Other items are dropped to the fire as well, including chain saws and, if mechanized tools are forbidden in a part of the wilderness, crosscut saws, for manual cutting of trees.

Large parachutes are used to drop pallets of equipment and supplies.

Smokejumpers at the base in Redmond fly in Sherpa SD3-60s, twin-engine turboprop aircraft. The planes were once used by the military in wars such as in Afghanistan.

On these planes, the back end can open upward into the fuselage, allowing for easy deployment of cargo. Other planes used by smokejumpers may not have this feature and cargo is “kicked” out the same door the smokejumpers used.

What you drop in you must pack out and packing out at least 100 pounds of gear per person over miles of rough terrain is another reason smokejumpers must be in good physical condition. A typical pack-out to the nearest road for pick up is around five miles. Cantrell says the longest pack-out he’s been on was around 10.

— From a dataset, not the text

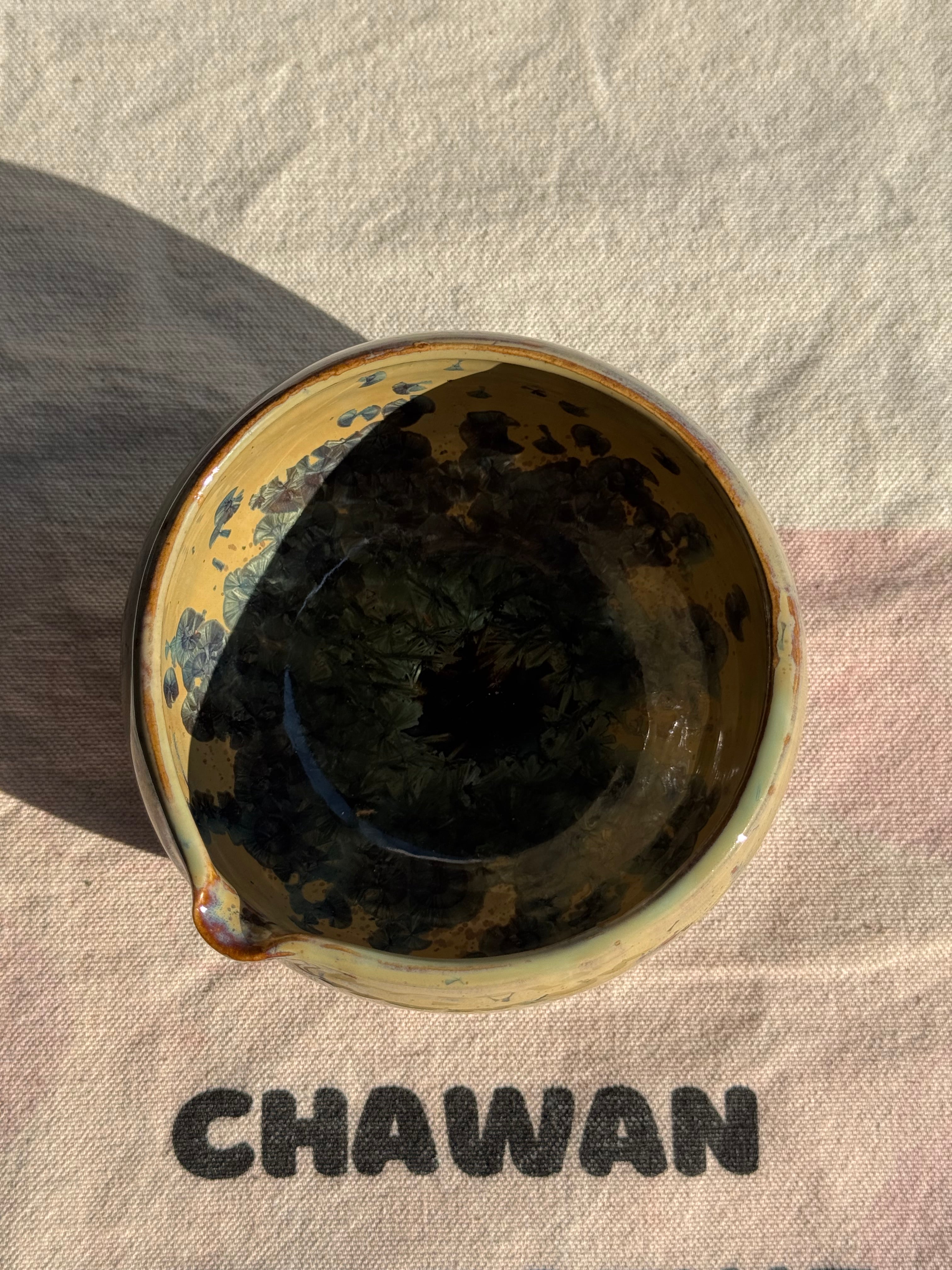 Matcha Bowl Yellow Glaze Katakuchi - Thumbnail 2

“By the time you get to the road after carrying 110 pounds over any distance, you’re ready to put the thing down,” he says.

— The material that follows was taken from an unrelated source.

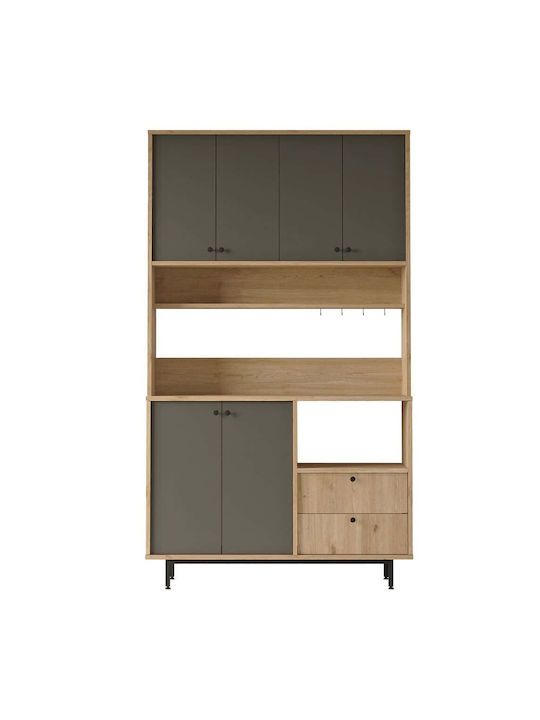 Sideboard made of Wood & Metal Black 120x35.5x205cm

Also, knowing how to read a map in the wilderness is a plus.

“For us, the consequences of not knowing how to read a map or convey that information to somebody on the outside can mean the difference of a short pack-out or a very long pack-out,” Cantrell says. “This stuff is heavy, and it doesn’t pack itself.”

Making your own gear, packing parachutes, requirements to be in top physical shape, wilderness survival skills, work in unforgiving and dangerous terrain, long treks through the woods with heavy gear strapped to your back, and jumping out of airplanes from thousands of feet in the air, sounds like elite work.

Despite all that, Madden remains humble. He notes that smokejumpers, once on the ground, are wildland firefighters who perform the same work as others in the business of putting out wildfires.

Wildland firefighting at any level can require specialized skills and good mental and physical durability, but smokejumping does offer a person more opportunities to grow as a person.

“At least for the most part, it’s not really the adrenaline-seeking type of folks. It’s more the folks that are just trying to find a challenge,” Madden says about the people who want to become smokejumpers. “It’s a really great career for somebody that wants to make themselves better at something every year. … Generally, the people that come here thinking it’s gonna be this big adrenaline rush, there’s enough down time that that’s not necessarily the case.”

KATU’s Wright Gazaway contributed reporting.